2005 book by Doreen Baingana

Tropical Fish is a short story collection, published in 2005, by Ugandan author Doreen Baingana. It revolves around the lives of a family based in Entebbe, Uganda. It follows Christine, Patti and Rosa the daughters of a relatively well off family whose father, a senior government official, becomes an alcoholic and loses everything, starting with his job. Through it all the mother has to support her family on her own. It follows the lives of the three sisters. It touches religious influence in Africa, boarding school life in missionary schools, first love, superstition, inevitably AIDS, love across the colour with a sugar-daddy syndrome, the sense of alienation that comes with migrating to another country (USA), and that of displacement after coming back home. Rosa, the eldest sister, was promiscuous and died of AIDS. Patti the middle sister, became a born-again Christian. And Christine, the youngest, went to Los Angeles and came back eight years later to pick up a job amidst the struggles of discovering her inner self.

==Stories==
Tropical Fish is a collection of eight short stories: "Green stones", "Hunger", "First Kiss", "Passion", "A thank-you note", "Tropical Fish ", "Lost in loss angeles" and "Questions of Home". The majority of the stories center on the youngest daughter, Christine.

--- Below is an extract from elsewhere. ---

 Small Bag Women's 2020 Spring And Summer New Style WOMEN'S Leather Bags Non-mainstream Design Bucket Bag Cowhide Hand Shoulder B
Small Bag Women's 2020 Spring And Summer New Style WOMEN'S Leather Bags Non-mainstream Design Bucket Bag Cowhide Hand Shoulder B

"Tropical Fish" is about Christine's college years when she drifted into an affair with a wealthy, undemanding white man who sold tropical fish. He and his home offered her an escape from the pressures of her ordinary life. In his luxurious house, she could glory in little things, like the abundance of water coming from the tap rather than having to be carried home in a bucket. She had not wanted the man himself, but just "a few hours free from myself".

"Green Stones" is about the early lives of the Mugisha family. It focused mostly on Christine, who recounts her story of the things that fascinate her as a child.

In "Hunger", Patti is the focus of the story which is told through her diary. Patti communes with hunger at Gayaza Secondary School where she is a boarder. She nearly subdues hunger with obsessive religiosity. However, religion almost always fails her. In fighting hunger, she loses dignity.

In "First Kiss", Christine's first kiss changes everything for her; her womanhood immaturely blossoms at a pre-teen stage.

In "Lost in Los Angeles", Christine seemingly survives all to find rescue in Los Angeles. She struggles to define herself as she finds meanings to her life.

==Awards==
- Commonwealth Writers Prize First Book Award (Africa region) in 2006.
- Associated Writers and Writing Programmes Award for short fiction.